But now, well... Nintendo even made a free Wii amusement called "Everybody
Votes Channel". If people are willing to waste time voting on silly things
just to see what other people in their tribe and around the world selected,
they can certainly vote on things that actually matter to them, like taxes and
laws.

The difficult problem nowadays is not the technical ability to get everyone
participating, but how to avoid the pitfalls of democracy, such as an
arbitrary majority tyrannizing an arbitrary minority, or a focused minority
advancing a specific agenda over a relatively apathetic majority.

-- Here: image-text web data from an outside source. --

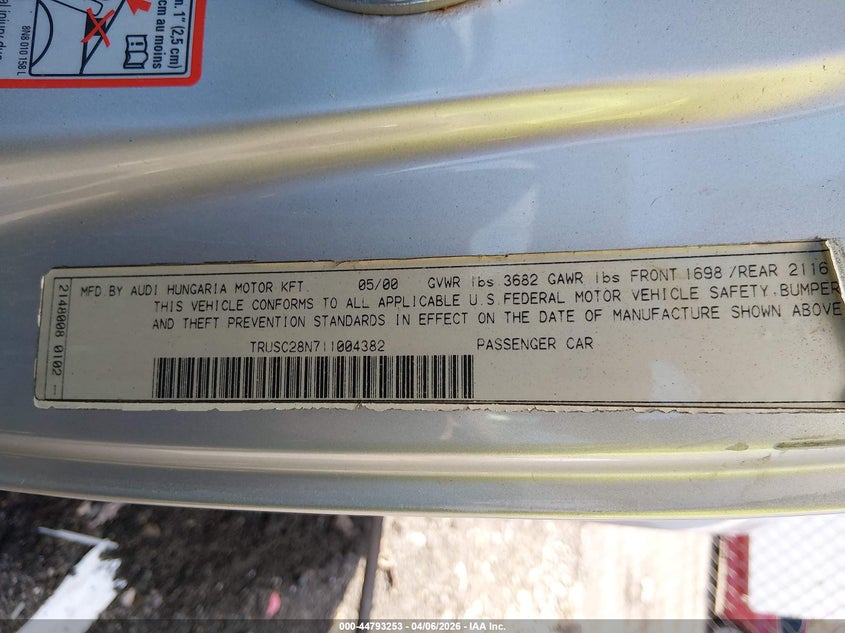 2001 Audi Tt VIN: TRUSC28N711004382 Lot: 44793253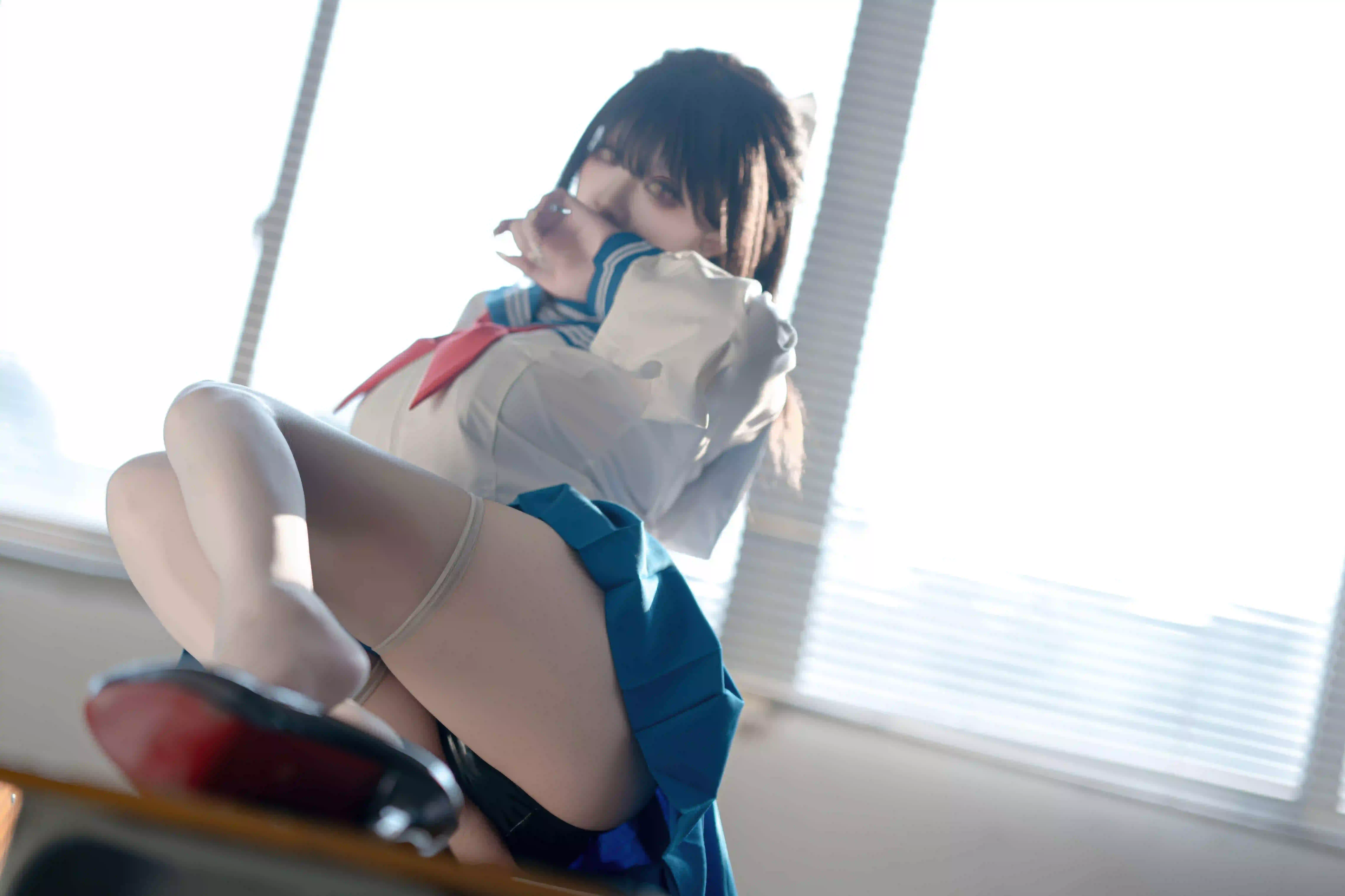 长发性感美女 白色丝袜 兔耳朵 jk穿搭 性感 白丝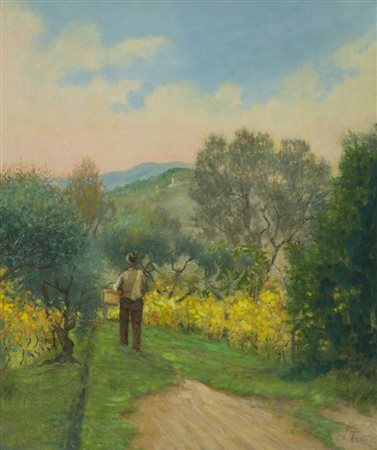 Alfonso Testi Paesaggio con figura Olio su tela, cm. 65x55 Firmato in basso a...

There would almost have to be a submission petition with a certain number of
supporters, an initial 50% majority of those who care to vote to trigger
spending development resources on the issue, then a funding round, where
supporters have to supply the required budget directly, and finally a
ratification round, where a supermajority, perhaps 67% of all possible voters,
where non-voters automatically vote to reject, determines whether to proceed
to implementation or not.

But that's all irrelevant detail when it is likely that those who currently
hold power would use it to prevent a new system from taking it away from them.
The status quo likes where it stands now. The system is ripe for disruption,
but it is also quite good at retaliating against existential threats.

------
toomuchtodo
MuckRock and the Beacon Reader are also working on uncovering law enforcement
across the country using "Stingray" rouge cell tower equipment:
[http://www.beaconreader.com/projects/the-spy-in-your-
pocket](http://www.beaconreader.com/projects/the-spy-in-your-pocket)

Please chip in $5 if you can towards their goal.

------
jacquesm
Recursive FOIA requests. Very neat :) Breadth first or depth first is going to
be their main problem. The plus for the government is that if they lose a
document they now have an off-site backup. Presumably the CIA is not playing
ball because they have their own backups.

What a fantastic project.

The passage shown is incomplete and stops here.